AIM OF THE EXERCISE: Go through the data and copy every line in which "with" appears.

━━━ DATA FOR THIS TASK ━━━

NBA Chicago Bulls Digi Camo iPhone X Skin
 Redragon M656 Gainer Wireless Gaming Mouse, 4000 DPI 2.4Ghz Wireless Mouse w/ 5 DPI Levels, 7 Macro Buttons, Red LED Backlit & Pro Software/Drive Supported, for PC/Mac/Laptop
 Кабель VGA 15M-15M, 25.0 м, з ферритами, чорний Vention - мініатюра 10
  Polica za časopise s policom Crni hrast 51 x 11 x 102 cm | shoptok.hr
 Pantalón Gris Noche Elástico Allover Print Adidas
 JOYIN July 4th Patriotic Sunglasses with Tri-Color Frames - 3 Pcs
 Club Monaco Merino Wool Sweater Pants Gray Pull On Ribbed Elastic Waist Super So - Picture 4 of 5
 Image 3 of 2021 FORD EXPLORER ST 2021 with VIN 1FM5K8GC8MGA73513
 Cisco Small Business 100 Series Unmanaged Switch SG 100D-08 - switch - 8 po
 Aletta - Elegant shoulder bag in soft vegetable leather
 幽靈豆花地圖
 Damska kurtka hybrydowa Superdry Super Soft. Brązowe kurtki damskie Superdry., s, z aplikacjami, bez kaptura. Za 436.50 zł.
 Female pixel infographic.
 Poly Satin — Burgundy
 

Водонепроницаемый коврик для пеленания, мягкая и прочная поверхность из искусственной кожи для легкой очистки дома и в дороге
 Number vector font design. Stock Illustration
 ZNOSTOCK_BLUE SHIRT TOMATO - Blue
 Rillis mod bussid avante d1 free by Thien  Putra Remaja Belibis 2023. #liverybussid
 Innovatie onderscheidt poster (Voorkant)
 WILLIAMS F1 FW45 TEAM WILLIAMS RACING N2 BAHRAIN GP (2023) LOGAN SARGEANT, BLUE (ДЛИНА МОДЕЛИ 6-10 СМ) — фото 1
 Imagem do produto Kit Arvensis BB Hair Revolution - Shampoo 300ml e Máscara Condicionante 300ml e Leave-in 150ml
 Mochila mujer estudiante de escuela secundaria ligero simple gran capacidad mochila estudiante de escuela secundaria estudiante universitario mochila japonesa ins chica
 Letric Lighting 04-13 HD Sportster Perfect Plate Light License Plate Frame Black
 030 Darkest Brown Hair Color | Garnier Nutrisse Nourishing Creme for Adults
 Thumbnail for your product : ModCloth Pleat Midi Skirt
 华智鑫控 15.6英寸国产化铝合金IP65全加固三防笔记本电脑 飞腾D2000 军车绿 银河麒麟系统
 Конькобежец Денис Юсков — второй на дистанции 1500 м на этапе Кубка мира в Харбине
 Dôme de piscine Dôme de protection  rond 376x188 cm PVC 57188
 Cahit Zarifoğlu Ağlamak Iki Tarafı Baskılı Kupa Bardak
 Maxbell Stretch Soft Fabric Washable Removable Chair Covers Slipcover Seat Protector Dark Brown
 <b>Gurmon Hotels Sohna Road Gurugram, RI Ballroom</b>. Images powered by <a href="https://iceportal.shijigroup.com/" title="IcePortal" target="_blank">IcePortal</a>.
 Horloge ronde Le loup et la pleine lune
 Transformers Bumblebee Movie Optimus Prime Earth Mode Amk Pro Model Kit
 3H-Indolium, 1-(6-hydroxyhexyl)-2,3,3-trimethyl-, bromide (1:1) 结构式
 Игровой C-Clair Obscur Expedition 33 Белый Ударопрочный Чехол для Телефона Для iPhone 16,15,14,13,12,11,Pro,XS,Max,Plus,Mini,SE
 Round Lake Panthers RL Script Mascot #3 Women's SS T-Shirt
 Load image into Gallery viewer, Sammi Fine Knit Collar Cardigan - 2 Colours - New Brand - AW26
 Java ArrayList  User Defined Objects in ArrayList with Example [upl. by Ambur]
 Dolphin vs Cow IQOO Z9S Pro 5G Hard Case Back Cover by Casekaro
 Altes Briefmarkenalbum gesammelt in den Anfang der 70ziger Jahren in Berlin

━━━

RESPONSE TO THIS EXERCISE:
 JOYIN July 4th Patriotic Sunglasses with Tri-Color Frames - 3 Pcs
 Image 3 of 2021 FORD EXPLORER ST 2021 with VIN 1FM5K8GC8MGA73513
 Java ArrayList  User Defined Objects in ArrayList with Example [upl. by Ambur]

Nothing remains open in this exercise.